*** Records provided Section Begins ***

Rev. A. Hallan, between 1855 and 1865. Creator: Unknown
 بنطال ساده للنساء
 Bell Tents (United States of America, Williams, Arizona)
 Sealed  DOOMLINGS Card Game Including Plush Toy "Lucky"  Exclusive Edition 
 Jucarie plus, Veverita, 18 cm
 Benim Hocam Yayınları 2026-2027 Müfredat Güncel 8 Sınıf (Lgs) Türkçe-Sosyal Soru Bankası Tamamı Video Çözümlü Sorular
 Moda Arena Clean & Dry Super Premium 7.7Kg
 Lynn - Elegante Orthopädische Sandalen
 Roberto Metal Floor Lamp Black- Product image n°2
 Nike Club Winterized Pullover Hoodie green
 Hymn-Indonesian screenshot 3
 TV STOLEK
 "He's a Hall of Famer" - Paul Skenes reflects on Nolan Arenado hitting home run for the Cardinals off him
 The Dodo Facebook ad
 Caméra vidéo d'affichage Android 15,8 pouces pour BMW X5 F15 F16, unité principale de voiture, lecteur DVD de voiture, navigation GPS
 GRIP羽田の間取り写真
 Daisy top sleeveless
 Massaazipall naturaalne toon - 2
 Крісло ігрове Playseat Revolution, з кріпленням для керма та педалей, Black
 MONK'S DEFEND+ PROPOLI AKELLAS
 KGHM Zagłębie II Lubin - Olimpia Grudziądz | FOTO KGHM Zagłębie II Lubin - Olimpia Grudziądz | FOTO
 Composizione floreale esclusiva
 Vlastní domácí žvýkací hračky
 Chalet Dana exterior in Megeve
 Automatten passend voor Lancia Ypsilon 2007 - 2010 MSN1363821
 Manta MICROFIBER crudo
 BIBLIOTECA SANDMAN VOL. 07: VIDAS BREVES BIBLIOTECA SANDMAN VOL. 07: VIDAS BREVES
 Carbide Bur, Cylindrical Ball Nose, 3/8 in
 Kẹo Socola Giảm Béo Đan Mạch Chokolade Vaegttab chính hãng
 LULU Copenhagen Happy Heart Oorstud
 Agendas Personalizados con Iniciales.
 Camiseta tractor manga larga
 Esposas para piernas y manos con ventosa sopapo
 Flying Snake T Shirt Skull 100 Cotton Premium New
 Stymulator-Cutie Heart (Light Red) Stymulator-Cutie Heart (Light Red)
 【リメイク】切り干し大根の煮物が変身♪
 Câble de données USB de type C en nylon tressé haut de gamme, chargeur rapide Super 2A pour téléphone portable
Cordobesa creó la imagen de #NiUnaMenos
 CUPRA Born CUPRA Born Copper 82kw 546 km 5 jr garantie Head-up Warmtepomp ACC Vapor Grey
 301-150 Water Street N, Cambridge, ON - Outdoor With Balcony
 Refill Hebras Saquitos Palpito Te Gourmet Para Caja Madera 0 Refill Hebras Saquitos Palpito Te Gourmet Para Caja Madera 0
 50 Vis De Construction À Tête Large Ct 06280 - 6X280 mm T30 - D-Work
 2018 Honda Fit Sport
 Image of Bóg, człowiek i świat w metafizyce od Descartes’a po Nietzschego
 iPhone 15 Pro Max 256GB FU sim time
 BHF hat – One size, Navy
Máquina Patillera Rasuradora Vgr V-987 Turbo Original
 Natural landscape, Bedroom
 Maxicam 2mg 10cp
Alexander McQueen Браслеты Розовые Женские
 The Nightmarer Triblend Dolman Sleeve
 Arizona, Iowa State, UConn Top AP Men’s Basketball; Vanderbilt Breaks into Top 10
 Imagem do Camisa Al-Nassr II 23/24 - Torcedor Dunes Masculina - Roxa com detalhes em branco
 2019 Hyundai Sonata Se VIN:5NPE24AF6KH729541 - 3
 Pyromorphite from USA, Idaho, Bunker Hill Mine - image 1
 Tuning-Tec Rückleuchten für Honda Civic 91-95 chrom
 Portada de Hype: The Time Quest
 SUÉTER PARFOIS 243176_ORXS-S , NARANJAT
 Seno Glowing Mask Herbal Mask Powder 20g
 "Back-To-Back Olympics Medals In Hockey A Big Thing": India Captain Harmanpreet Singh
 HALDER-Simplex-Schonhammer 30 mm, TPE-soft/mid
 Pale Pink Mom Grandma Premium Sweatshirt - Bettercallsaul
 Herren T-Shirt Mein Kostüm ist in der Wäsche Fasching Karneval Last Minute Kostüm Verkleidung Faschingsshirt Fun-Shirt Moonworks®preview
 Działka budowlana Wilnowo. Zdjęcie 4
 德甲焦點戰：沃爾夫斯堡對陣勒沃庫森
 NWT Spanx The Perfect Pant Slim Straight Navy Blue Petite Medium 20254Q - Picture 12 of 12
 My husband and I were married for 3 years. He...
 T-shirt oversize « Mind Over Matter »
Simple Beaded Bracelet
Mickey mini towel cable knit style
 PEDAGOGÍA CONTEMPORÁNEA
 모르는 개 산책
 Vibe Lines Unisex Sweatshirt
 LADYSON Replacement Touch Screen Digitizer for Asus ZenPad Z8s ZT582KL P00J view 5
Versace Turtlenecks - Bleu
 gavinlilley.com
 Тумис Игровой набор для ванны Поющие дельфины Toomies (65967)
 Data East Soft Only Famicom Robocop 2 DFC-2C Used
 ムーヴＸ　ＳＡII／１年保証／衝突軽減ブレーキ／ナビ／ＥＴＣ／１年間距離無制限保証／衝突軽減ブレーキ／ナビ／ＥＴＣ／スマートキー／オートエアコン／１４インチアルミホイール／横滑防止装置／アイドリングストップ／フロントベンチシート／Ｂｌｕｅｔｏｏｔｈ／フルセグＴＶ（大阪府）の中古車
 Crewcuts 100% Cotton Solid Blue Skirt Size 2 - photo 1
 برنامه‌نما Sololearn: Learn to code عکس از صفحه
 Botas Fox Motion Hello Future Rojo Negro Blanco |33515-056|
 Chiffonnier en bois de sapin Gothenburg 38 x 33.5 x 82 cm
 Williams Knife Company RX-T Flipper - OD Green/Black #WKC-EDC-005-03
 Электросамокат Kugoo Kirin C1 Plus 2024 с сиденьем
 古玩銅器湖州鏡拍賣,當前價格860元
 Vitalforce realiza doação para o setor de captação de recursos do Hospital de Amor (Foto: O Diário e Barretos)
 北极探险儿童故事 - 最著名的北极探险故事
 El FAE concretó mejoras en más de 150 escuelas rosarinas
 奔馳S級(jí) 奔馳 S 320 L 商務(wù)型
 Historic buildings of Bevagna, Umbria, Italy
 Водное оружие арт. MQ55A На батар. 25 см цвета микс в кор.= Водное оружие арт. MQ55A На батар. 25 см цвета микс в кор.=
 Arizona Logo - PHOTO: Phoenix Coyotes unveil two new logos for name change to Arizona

*** Records provided Section Ends ***

◆ Task directions:
With the line holding "Vibe Lines Unisex Sweatshirt" as the first and the line holding "Vitalforce realiza doação" as the last, set down that range of the entries above exactly, and nothing else.

◆ Task result:
 Vibe Lines Unisex Sweatshirt
 LADYSON Replacement Touch Screen Digitizer for Asus ZenPad Z8s ZT582KL P00J view 5
Versace Turtlenecks - Bleu
 gavinlilley.com
 Тумис Игровой набор для ванны Поющие дельфины Toomies (65967)
 Data East Soft Only Famicom Robocop 2 DFC-2C Used
 ムーヴＸ　ＳＡII／１年保証／衝突軽減ブレーキ／ナビ／ＥＴＣ／１年間距離無制限保証／衝突軽減ブレーキ／ナビ／ＥＴＣ／スマートキー／オートエアコン／１４インチアルミホイール／横滑防止装置／アイドリングストップ／フロントベンチシート／Ｂｌｕｅｔｏｏｔｈ／フルセグＴＶ（大阪府）の中古車
 Crewcuts 100% Cotton Solid Blue Skirt Size 2 - photo 1
 برنامه‌نما Sololearn: Learn to code عکس از صفحه
 Botas Fox Motion Hello Future Rojo Negro Blanco |33515-056|
 Chiffonnier en bois de sapin Gothenburg 38 x 33.5 x 82 cm
 Williams Knife Company RX-T Flipper - OD Green/Black #WKC-EDC-005-03
 Электросамокат Kugoo Kirin C1 Plus 2024 с сиденьем
 古玩銅器湖州鏡拍賣,當前價格860元
 Vitalforce realiza doação para o setor de captação de recursos do Hospital de Amor (Foto: O Diário e Barretos)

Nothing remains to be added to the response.